Doctors and nurses took her away, leaving me unable to understand what happened. Later, the doctor, Mr. Williams, took me aside. “Mr. James, your mother has cancer.”

This wasn’t really a shock to me. It was the worst news she had ever told me, but there was hope. The cancer was caught early and the doctors were hopeful. We had saved up for the treatments. She had said she was going to them and that they were going well.

“I know, but she was getting treatment done,” I replied.

“Not lately, she wasn’t. June hadn’t been coming for treatments for a couple of weeks now,” Mr. Williams said.

I ran out and sat in the car for hours. I couldn’t stay in the hospital, couldn’t see the tubes attached to my mother as she laid there unmoving. Her wrinkled and fragile face, I saw every detail I would have missed before.

My mother remained under observation for the duration of the week, after which I was able to take her home. Back at home, she insisted on walking on her own. I couldn’t look at her because of the guilt eating at me and went to go to the kitchen to make some food when she stopped me.

“What did the doctor tell you?” she asked.

“That you haven’t been going for your treatments.” The words were pulled out of my mouth, then the question exploded, “Why?”

My mother looked at me sadly and said, “I didn’t want you to know, I thought I could get the money -”

“We had the money.
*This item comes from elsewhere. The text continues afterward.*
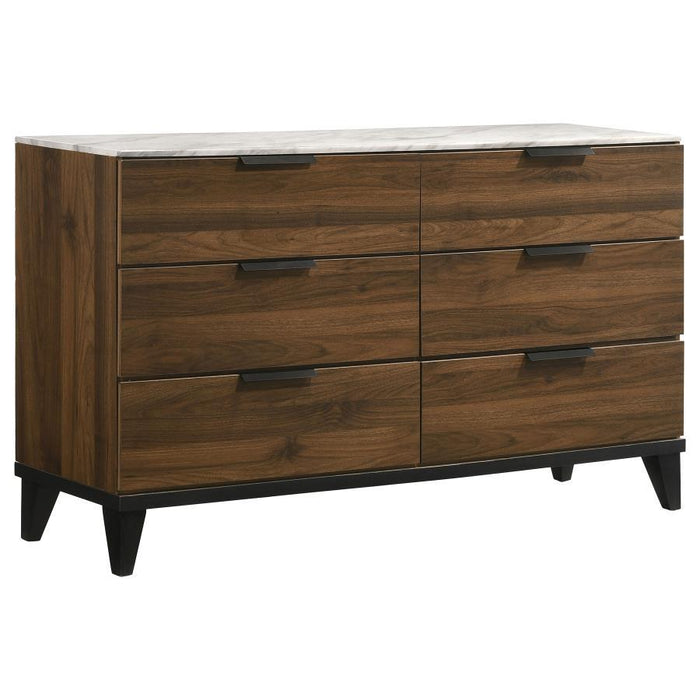 Mays - 6-Drawer Dresser With Faux Marble Top - Walnut Brown - Simple Home Plus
We saved up for months,” I said, my fist clenched.

“I had to give more than half away, I was doing well. I thought I had time to earn it back without you knowing,” she said.

A sinking feeling crept inside me. “What do you mean you had to give it away?”

“Your treatment Sam, it wasn’t free,” she replied in a quiet voice.

Her words seemed to travel through water. I couldn’t move for a moment. Everything I felt was true.

It was my fault she fainted.

It was my fault she would die.

It was all my fault.

I was able to move when the words finally hit. My breath was coming in short rasps. My chest was ripping apart and tunnel vision returned. I didn’t hear her walk toward me but felt her hand on my shoulder. Heard her tell me that it was going to be okay.

She was comforting me when she was going to die.

She will die.

My mum will die.

And it will all be because of me.

The pain was too much. How can a wound hurt so much without bleeding? I had to let it out. Without thinking, my body acted on its own, punching the wall hard. It hurt, but it didn’t ease the pain.

I punched again, and again, and again. Until blood appeared on the wall and still I pulled back for another one but was stopped.

“Sam, stop!” My mother had grabbed my hand. We both struggled and I tripped back, against the wall. My body sagged as I saw her tear-stricken face and we both slid down.

“Don’t. Please don’t …” she cried, holding my hand which lay limply by my side, her head against my chest.

“I don’t want to see you die.” My voice cracked, I gulped and continued, eyes burning, “Why did you do it? I was alright.”

“I wanted you to live fully. I wanted you to see, and you did … you saw, you drove, you were happy …” She broke down into sobs again and I finally let the pain in my chest release as well. I don’t know how long we stayed there. It was a while later that I put her to bed and slept on the couch in the corner. I knew she would do it again, but I won’t give up.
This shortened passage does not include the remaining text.